* SUPPLIED INFORMATION

+ + + + +

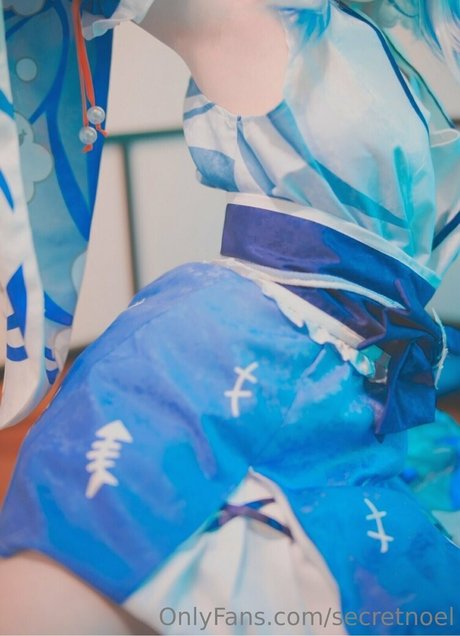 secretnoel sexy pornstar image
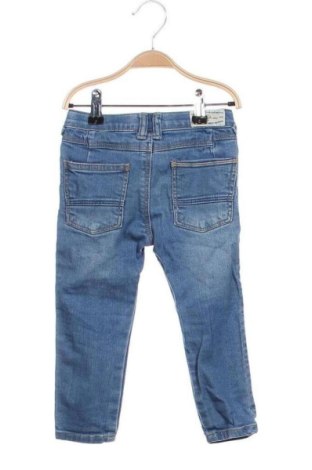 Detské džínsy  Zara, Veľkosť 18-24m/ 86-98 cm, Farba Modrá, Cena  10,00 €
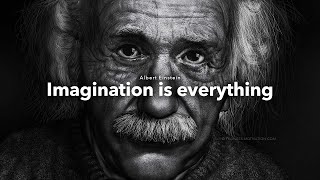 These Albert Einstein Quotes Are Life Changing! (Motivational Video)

+ + + + +

* EXERCISE GOAL
Everything in the listing should be repeated exactly except the pictures.

* YOUR SOLUTION
 secretnoel sexy pornstar image
 Detské džínsy  Zara, Veľkosť 18-24m/ 86-98 cm, Farba Modrá, Cena  10,00 €
 These Albert Einstein Quotes Are Life Changing! (Motivational Video)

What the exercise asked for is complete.